Personal information
- Date of birth: 10 June 1950 (age 75)
- Place of birth: Grimsby, England
- Height: 1.73 m (5 ft 8 in)
- Position: Striker

Senior career*
- Years: Team / Apps / (Gls)
- 1969–1974: Nottingham Forest / 111 / (41)
- 1969–1970: → Mansfield Town (loan) / 10 / (3)
- 1972–1973: → Mansfield Town (loan) / 6 / (7)
- 1974–1976: Leeds United / 66 / (27)
- 1976: Anderlecht / 9 / (2)
- 1976–1978: Everton / 48 / (14)
- 1978–1979: Chelsea / 15 / (4)
- 1979–1981: Blackburn Rovers / 74 / (16)
- 1981: Tulsa Roughnecks / 31 / (14)
- 1981–1982: Tulsa Roughnecks (indoor) / 1 / (0)
- 1982: Chicago Sting / 20 / (3)
- 1983: Ryoden
- Total:  / 391 / (131)

= Duncan McKenzie =

English footballer

Duncan McKenzie (born 10 June 1950) is an English former footballer who played as a striker in the Football League for Nottingham Forest, Mansfield Town, Leeds United, Everton, Chelsea and Blackburn Rovers in the 1970s, in Belgium for Anderlecht, in the North American Soccer League for the Tulsa Roughnecks and the Chicago Sting, and for Ryoden in Hong Kong.

==Playing career==
McKenzie started his career with Nottingham Forest. He was loaned to Mansfield Town in exchange for emergency goalkeeper Dave Hollins. He did not establish himself in the team until the 1973–74 season, when he hit a tremendous spell of good form, scoring 26 goals in the season. As Forest were a middling Second Division team at the time, his league performances did not gain so much attention, but the team also had a great FA Cup run that season, reaching the quarter finals. The highlight of this run was the 4th Round game against Manchester City on 27 January 1974, when he made three goals and scored the fourth in a 4–1 thrashing of the First Division giants. This was probably the greatest game of his career, but he seldom hit such great heights again, despite many sublime moments subsequently.

McKenzie was signed for Leeds United by Brian Clough during his 44-day reign as manager of Leeds, and was the only one of his signings to subsequently flourish at the club.
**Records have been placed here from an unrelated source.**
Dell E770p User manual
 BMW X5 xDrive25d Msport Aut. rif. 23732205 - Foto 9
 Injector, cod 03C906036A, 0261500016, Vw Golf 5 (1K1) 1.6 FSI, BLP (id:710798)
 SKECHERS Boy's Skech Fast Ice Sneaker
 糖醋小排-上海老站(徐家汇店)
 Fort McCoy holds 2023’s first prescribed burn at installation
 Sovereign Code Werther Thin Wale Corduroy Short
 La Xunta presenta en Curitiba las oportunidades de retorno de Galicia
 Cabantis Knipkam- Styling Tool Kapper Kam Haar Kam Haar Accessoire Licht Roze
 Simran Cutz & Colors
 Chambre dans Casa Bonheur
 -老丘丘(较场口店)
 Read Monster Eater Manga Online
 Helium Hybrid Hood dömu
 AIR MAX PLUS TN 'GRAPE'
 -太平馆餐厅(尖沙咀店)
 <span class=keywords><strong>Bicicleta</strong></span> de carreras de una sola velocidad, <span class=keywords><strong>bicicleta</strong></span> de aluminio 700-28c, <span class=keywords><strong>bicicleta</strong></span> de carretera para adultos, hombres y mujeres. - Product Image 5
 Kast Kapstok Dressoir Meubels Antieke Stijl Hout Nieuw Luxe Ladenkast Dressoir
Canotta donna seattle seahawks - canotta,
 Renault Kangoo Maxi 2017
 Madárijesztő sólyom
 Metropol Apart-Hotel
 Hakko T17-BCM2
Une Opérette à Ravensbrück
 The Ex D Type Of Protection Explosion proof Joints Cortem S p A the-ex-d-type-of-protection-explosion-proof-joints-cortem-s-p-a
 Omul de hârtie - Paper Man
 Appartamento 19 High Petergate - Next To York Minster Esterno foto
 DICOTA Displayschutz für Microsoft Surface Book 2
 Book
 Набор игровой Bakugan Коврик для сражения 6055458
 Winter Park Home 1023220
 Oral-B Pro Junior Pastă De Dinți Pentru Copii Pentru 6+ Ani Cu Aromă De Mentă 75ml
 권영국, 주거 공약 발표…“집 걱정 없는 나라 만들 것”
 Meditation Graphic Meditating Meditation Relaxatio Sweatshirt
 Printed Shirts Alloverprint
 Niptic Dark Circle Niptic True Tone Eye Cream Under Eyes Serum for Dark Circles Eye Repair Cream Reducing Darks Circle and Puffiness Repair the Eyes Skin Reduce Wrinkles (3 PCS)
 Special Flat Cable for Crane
Initially, he attracted media attention for his achievements outside of the game, which included the ability to jump over a Mini and to throw a golf ball the length of a football pitch. However, once established in the Leeds side, he soon attracted attention for the quality of his footballing skills; in the 1975–76 season he established himself as Allan Clarke's striking partner, and scored 16 goals in 39 matches.

McKenzie was a sublimely talented individual, capable of running rings around the most astute of defenders. However, despite his skills, he could be an immensely frustrating player to play with; whilst he reserved his finest moments for big games, he was often anonymous against lesser opposition. It was this inconsistency that caused him to be sold to Belgian side Anderlecht at the end of the 1975–76 season, winning the 1976 European Super Cup, but he returned to England in December 1976 when he signed for Everton.

Unfortunately for McKenzie, the manager who signed him – Billy Bingham – was sacked and replaced by Gordon Lee just a month later. McKenzie and Lee had their differences, with the result that McKenzie did not have as free a role as would have suited him. This led to his departure from Everton, but not before he had turned in some admirable performances – a notable game being the 1977 FA Cup semi-final v Liverpool.

In September 1978 he joined Chelsea where, much like the rest of his career, he dazzled the fans with his skills and eccentricity but still failed to make the most of his talents. He left the club less than a year later having made just 16 appearances and scored four goals.

McKenzie joined Blackburn Rovers for a fee of £80,000 and helped the club to promotion from the third division in 1980.

In 1981, he spent a single season, his last as a professional footballer, with the Tulsa Roughnecks of the North American Soccer League. He later played for Ryoden in Hong Kong for 3 months.

==Career after football==
Since retiring from the game, McKenzie has worked as a newspaper columnist, as well as becoming an after-dinner speaker. He was the immediate replacement for Danny Baker on Radio Five's 6-0-6 programme.